Impact of flash glucose monitoring on glycemic control varies with the age and residual beta-cell function of patients with type 1 diabetes mellitus

Aims/Introduction We aimed to explore the clinical factors associated with glycemic variability (GV) assessed with flash glucose monitoring (FGM), and investigate the impact of FGM on glycemic control among Chinese type 1 diabetes mellitus patients in a real-life clinical setting. Materials and Methods A total of 171 patients were included. GV was assessed from FGM data. A total of 110 patients wore FGM continuously for 6 months (longitudinal cohort). Hemoglobin A1c (HbA1c), fasting and 2-h postprandial C-peptide, and glucose profiles were collected. Changes in HbA1c and glycemic parameters were assessed during a 6-month FGM period. Results Individuals with high residual C-peptide (HRCP; 2-h postprandial C-peptide >200 pmol/L) had less GV than patients with low residual C-peptide ( 2-h postprandial C-peptide <= 200 pmol/L; P < 0.001).
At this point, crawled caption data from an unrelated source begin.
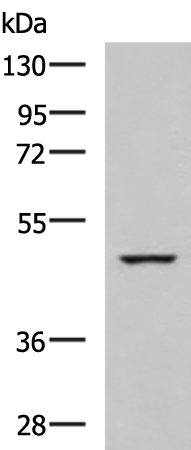 Rabbit Polyclonal Antibody to IP6K2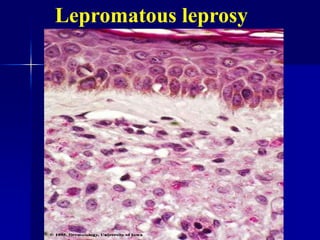 Lepromatous leprosy
 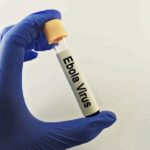 Health Ministry Urges Vigilance After WHO Declares Ebola Outbreak Global Health Emergency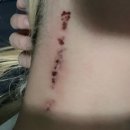 별내약국 | 남양주 피부과 타투제거 1회차 통증 가격 후기 문신제거 후 별내 카페까지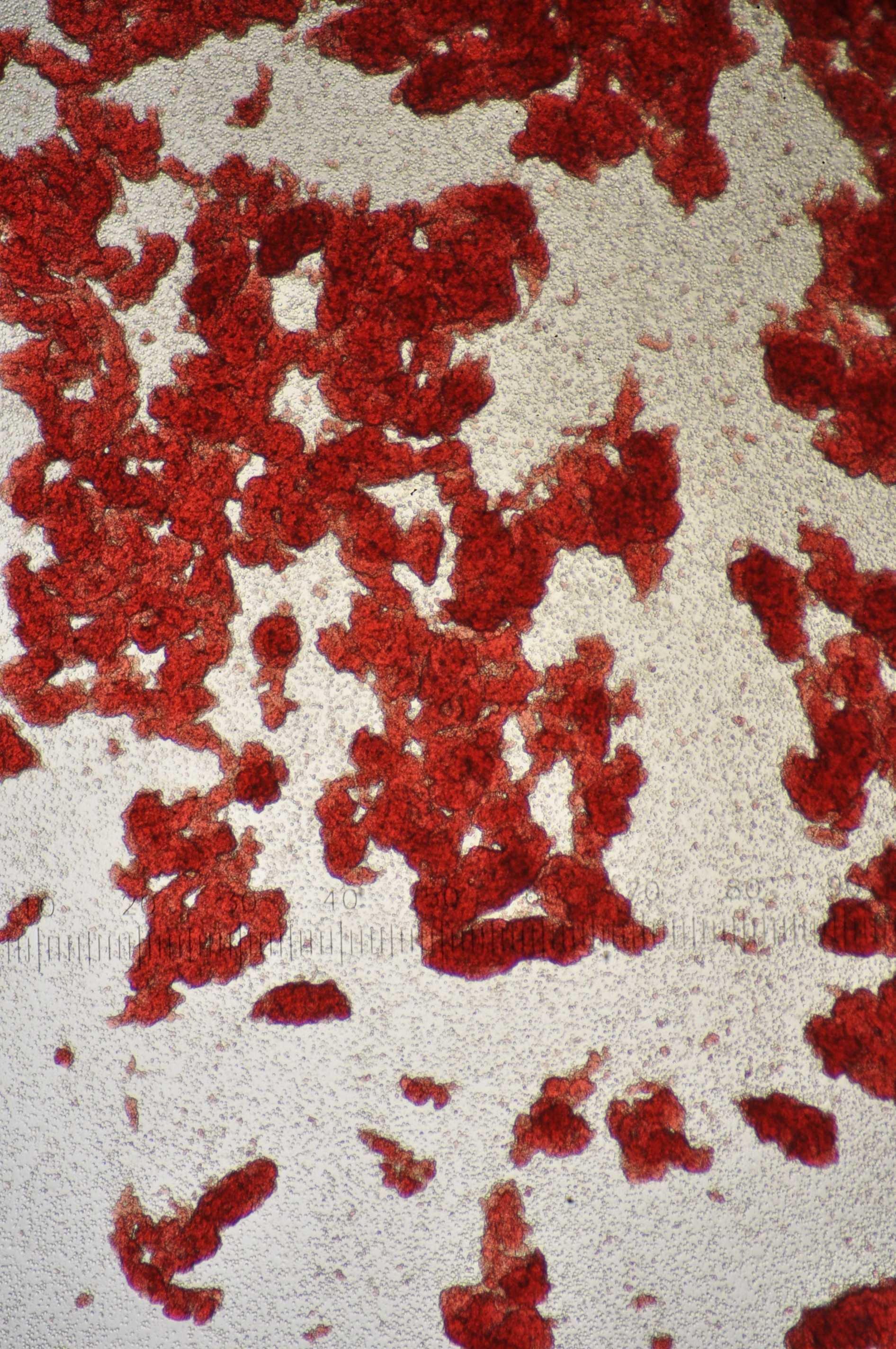 赤血球同士がくっついてしまった状態の血（症例写真提供／東京動物医療センター）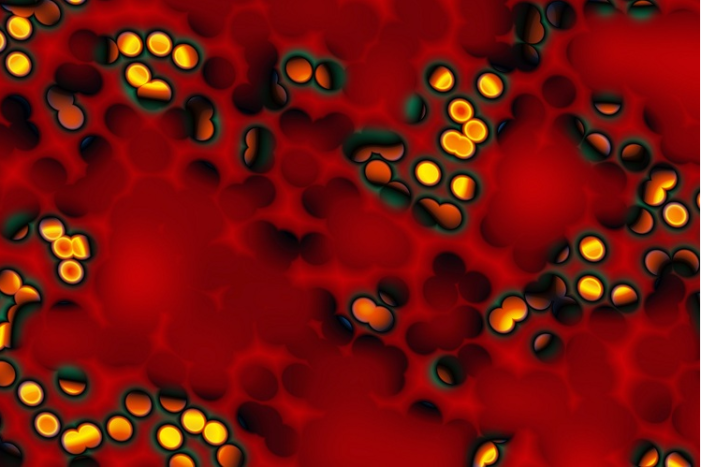 Towards the elimination of hepatitis c as public health concern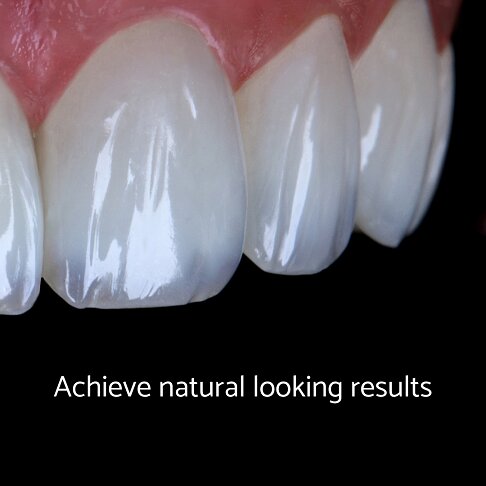 Achieve more natural looking results with layering technique for composite bonding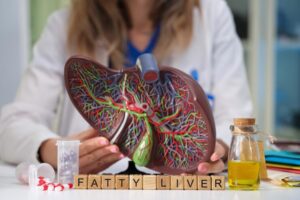 What Is Non-Alcoholic Fatty Liver Disease (NAFLD)?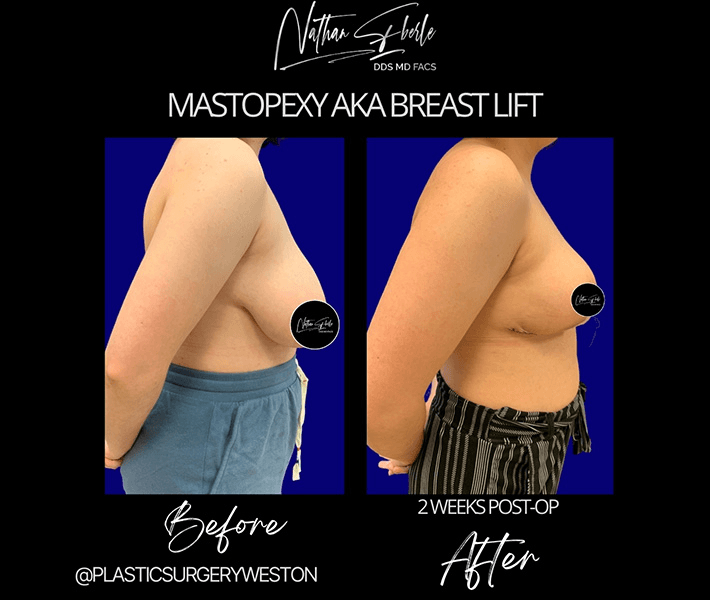 Breast Lift before and after case 14, actual patient at Weston Center for Plastic Surgery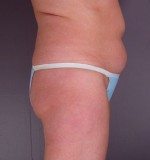 Liposuction Before and after photo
In the longitudinal cohort (n = 110), HbA1c and mean glucose decreased, time in range (TIR) increased during the follow-up period (P < 0.05). The 110 patients were further divided into age and residual C-peptide subgroups: (i) HbA1c and mean glucose were reduced significantly only in the subgroup aged <= 14 years during the follow-up period, whereas time below range also increased in this subgroup at 3 months (P = 0.047); and (ii) HbA1c improved in the HRCP subgroup at 3 and 6 months (P < 0.05). The mean glucose decreased and TIR improved significantly in the low residual C-peptide subgroup; however, TIR was still lower and time below range was higher than those of the HRCP subgroup at all time points (P < 0.05). Conclusions HRCP was associated with less GV. FGM wearing significantly reduced HbA1c, especially in pediatric patients and those with HRCP. Additionally, the mean glucose and TIR were also found to improve.